Whole-genome sequencing detects the genetic relevance of the 16p11.2 gene locus in ASD [1], facilitating brain imaging [42], behavioral [43], and network studies in this chromosomal region [44]. The TAOK2 gene is in the 16p11.2 genomic region and has known functions in central nervous system development [4,5,6]. Furthermore, 16p11.2 exhibits a spatiotemporal signature that is valid for most single genes encoded in this chromosomal region, such as TAOK2 [45]. Thus, for the 16p11.2 chromosomal region, the late mid-fetal and childhood phases are essential for proper connectivity in the human cortex. Furthermore, the frontal cortex, including motor and somatosensory areas, and the parietal, temporal and occipital cortices are highly susceptible to neurodevelopmental disorders, suggesting that neural disturbances in those regions contribute to neuropsychiatric disorders [45]. Importantly, we confirmed a spatiotemporal activity pattern for Taok2, as proposed for 16p11.2 and its single genes in humans [45].

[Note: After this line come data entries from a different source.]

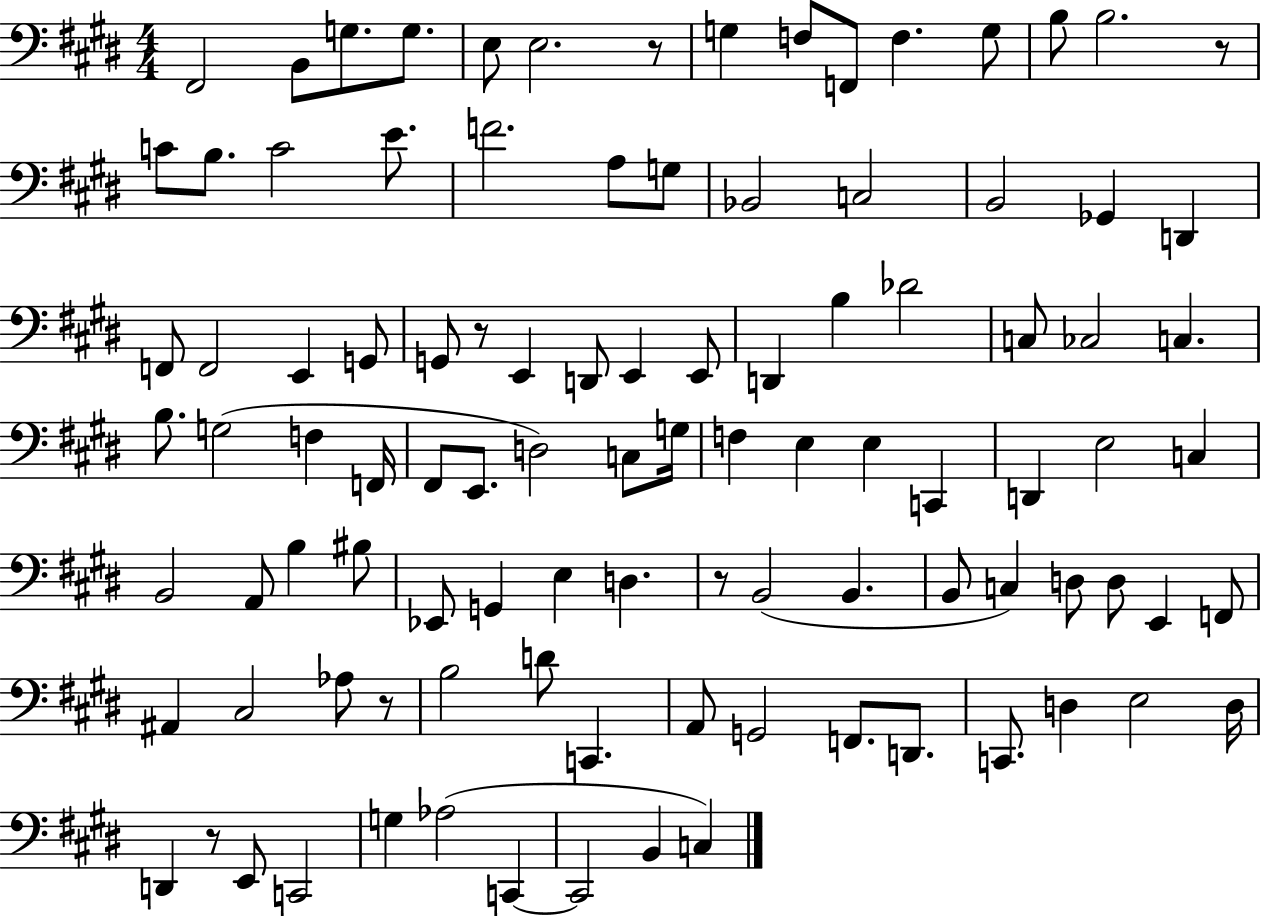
X:1
T:Untitled
M:4/4
L:1/4
K:E
^F,,2 B,,/2 G,/2 G,/2 E,/2 E,2 z/2 G, F,/2 F,,/2 F, G,/2 B,/2 B,2 z/2 C/2 B,/2 C2 E/2 F2 A,/2 G,/2 _B,,2 C,2 B,,2 _G,, D,, F,,/2 F,,2 E,, G,,/2 G,,/2 z/2 E,, D,,/2 E,, E,,/2 D,, B, _D2 C,/2 _C,2 C, B,/2 G,2 F, F,,/4 ^F,,/2 E,,/2 D,2 C,/2 G,/4 F, E, E, C,, D,, E,2 C, B,,2 A,,/2 B, ^B,/2 _E,,/2 G,, E, D, z/2 B,,2 B,, B,,/2 C, D,/2 D,/2 E,, F,,/2 ^A,, ^C,2 _A,/2 z/2 B,2 D/2 C,, A,,/2 G,,2 F,,/2 D,,/2 C,,/2 D, E,2 D,/4 D,, z/2 E,,/2 C,,2 G, _A,2 C,, C,,2 B,, C,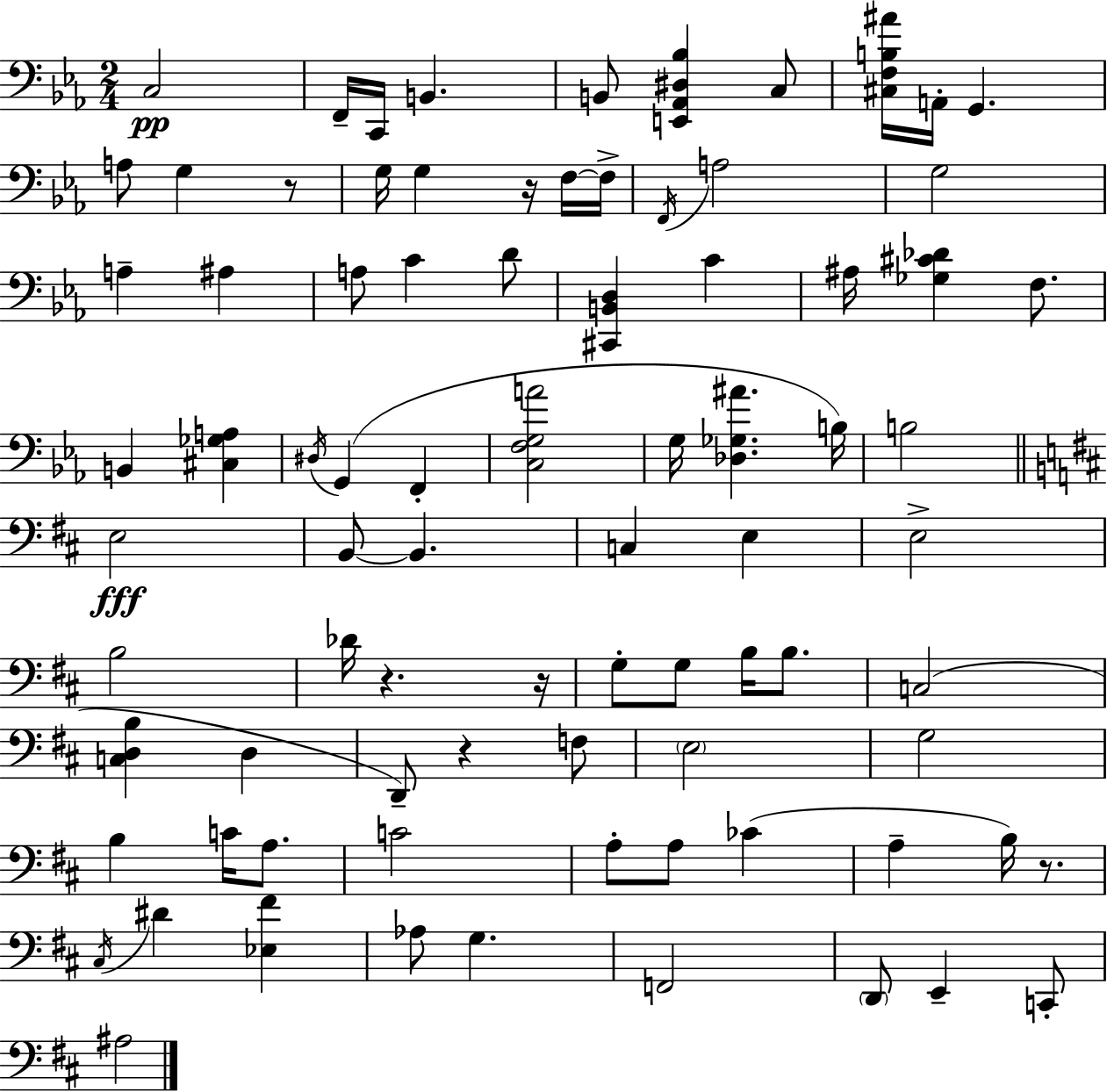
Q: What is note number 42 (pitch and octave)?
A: G3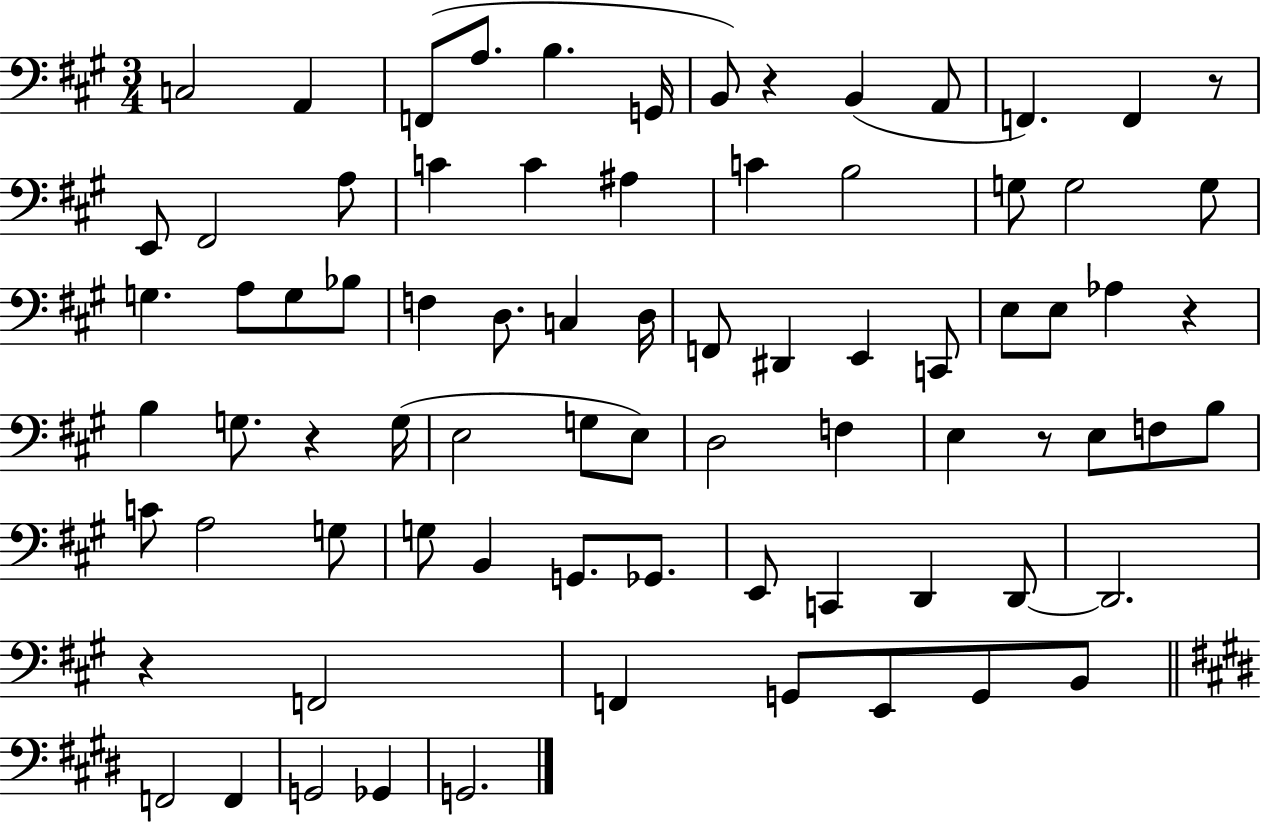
{
  \clef bass
  \numericTimeSignature
  \time 3/4
  \key a \major
  c2 a,4 | f,8( a8. b4. g,16 | b,8) r4 b,4( a,8 | f,4.) f,4 r8 | \break e,8 fis,2 a8 | c'4 c'4 ais4 | c'4 b2 | g8 g2 g8 | \break g4. a8 g8 bes8 | f4 d8. c4 d16 | f,8 dis,4 e,4 c,8 | e8 e8 aes4 r4 | \break b4 g8. r4 g16( | e2 g8 e8) | d2 f4 | e4 r8 e8 f8 b8 | \break c'8 a2 g8 | g8 b,4 g,8. ges,8. | e,8 c,4 d,4 d,8~~ | d,2. | \break r4 f,2 | f,4 g,8 e,8 g,8 b,8 | \bar "||" \break \key e \major f,2 f,4 | g,2 ges,4 | g,2. | \bar "|."
}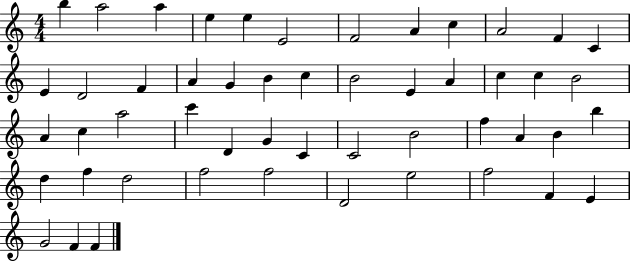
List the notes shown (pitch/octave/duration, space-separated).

B5/q A5/h A5/q E5/q E5/q E4/h F4/h A4/q C5/q A4/h F4/q C4/q E4/q D4/h F4/q A4/q G4/q B4/q C5/q B4/h E4/q A4/q C5/q C5/q B4/h A4/q C5/q A5/h C6/q D4/q G4/q C4/q C4/h B4/h F5/q A4/q B4/q B5/q D5/q F5/q D5/h F5/h F5/h D4/h E5/h F5/h F4/q E4/q G4/h F4/q F4/q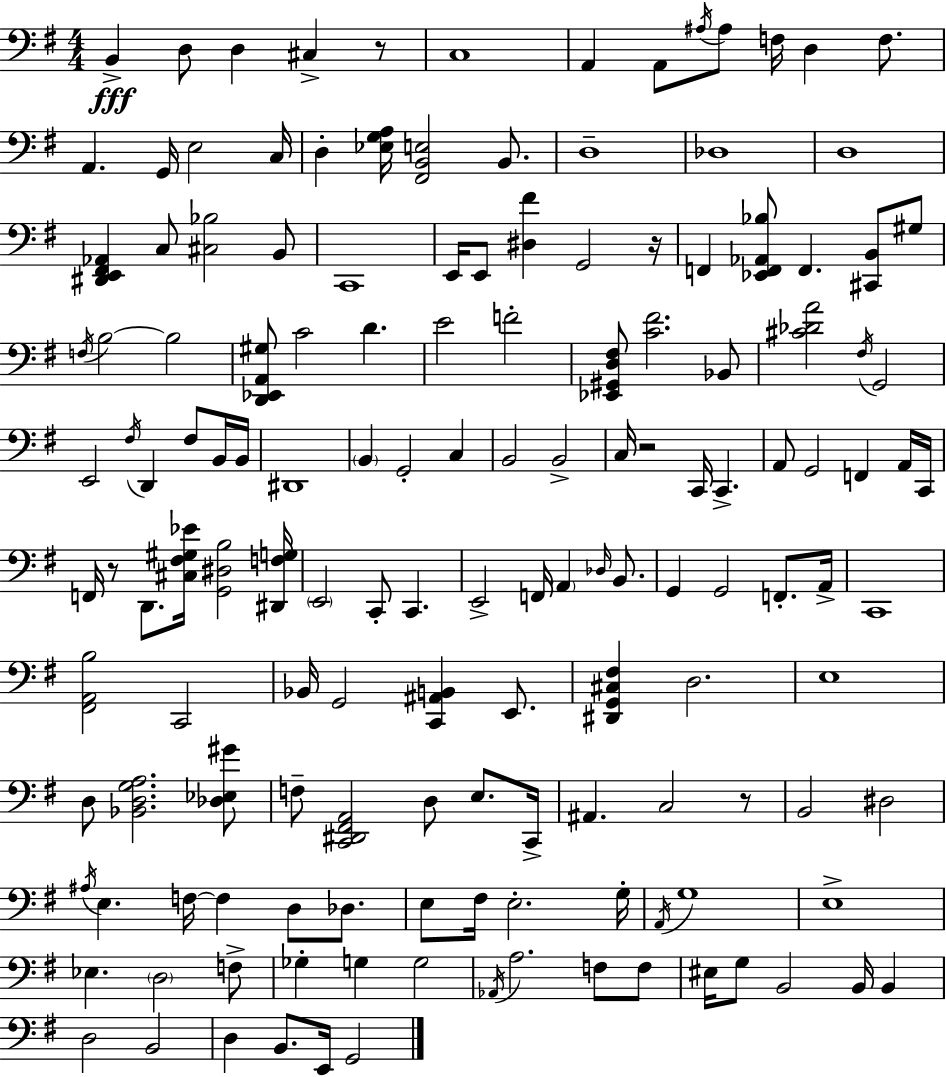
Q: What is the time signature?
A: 4/4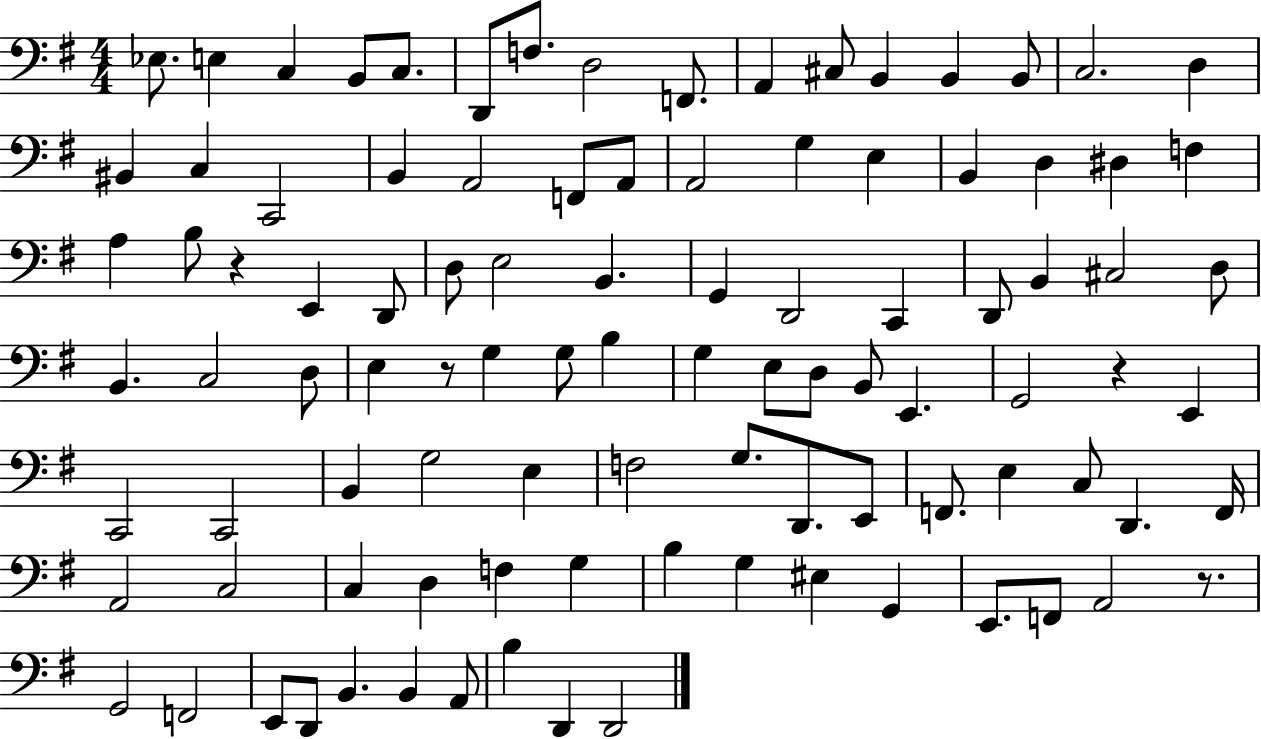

Moreover, it was suggested that the prenatal phases in brain development could be significantly associated with ASD [46]. In particular, disturbances in the late mid-fetal stage affect almost all brain regions, excluding the cerebellum and the dorsolateral prefrontal cortex [46]. Therefore, our findings of delayed neuronal migration in upper-layer neurons from Taok2-deficient cortices support the hypothesis that late fetal neuronal differentiation in the cortex might affect connectivity in brain regions that could underlie the autistic phenotype. Finally, we showed cortical neuronal migration defects in the mouse model of Het 16p11.2 microdeletion that can be ameliorated by introducing functional TAOK2 into those cortices. Therefore, our data further support the role of TAOK2 during brain development and its implication in ASD etiology supposedly through impairing neuronal migration during the late mid-fetal phase of cortical development.